К сожалению, Нора только что испекла печенье.
Мой желудок снова скрутило.
Работа в пекарне, очевидно, не такая уж замечательная при токсикозе.
– Очевидно, – говорю я, пожимая плечами, чувствуя себя невероятно неуютно от этого разговора.
Конечно, пропущенные месячные, положительные тесты и бушующие гормоны – все это явные признаки того, что я на самом деле залетела. Но разговор с подругой – что-то совершенно иное.
Это делает все реальным.
Мне пришлось сдерживать себя, чтобы снова не блевануть.
На этот раз не от утренней тошноты.
А от пронизывающего до костей страха.
– А Кип знает? – спрашивает Нора.
– Черт возьми, нет, – отвечаю я, бледнея при одной мысли о том, чтобы завести с ним этот разговор.
Ее лицо стало задумчивым.
– Это не было запланировано?
– Нет, – усмехаюсь я, расхаживая по кухне. – Это не было запланировано.
– Вы не говорили о детях? – мягко спрашивает Нора.
– Нет, – я чуть не рассмеялась, подумав об ужасе на его лице, когда мы в первый раз занялись сексом и он подумал, что у него есть шанс оплодотворить меня. – Мы не говорили о детях.

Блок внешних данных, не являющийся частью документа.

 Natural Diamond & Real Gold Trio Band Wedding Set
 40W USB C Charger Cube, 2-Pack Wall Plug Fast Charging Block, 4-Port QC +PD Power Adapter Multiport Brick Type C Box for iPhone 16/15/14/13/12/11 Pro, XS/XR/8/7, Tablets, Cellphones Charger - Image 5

Но мы оба согласились, что у нас их не будет. Просто недосказанность, – неуверенно говорю я. Нельзя же сказать ей, что брак фиктивный, и мы занимаемся сексом только потому, что это… удобно.
Нора понимающе кивает.
– Еще бы.
Услышав это, я хмурюсь. Конечно, я упоминала ей, что не планирую заводить детей. Но не говорила, что физически не могу этого сделать. Не нужно открывать эту банку с червями.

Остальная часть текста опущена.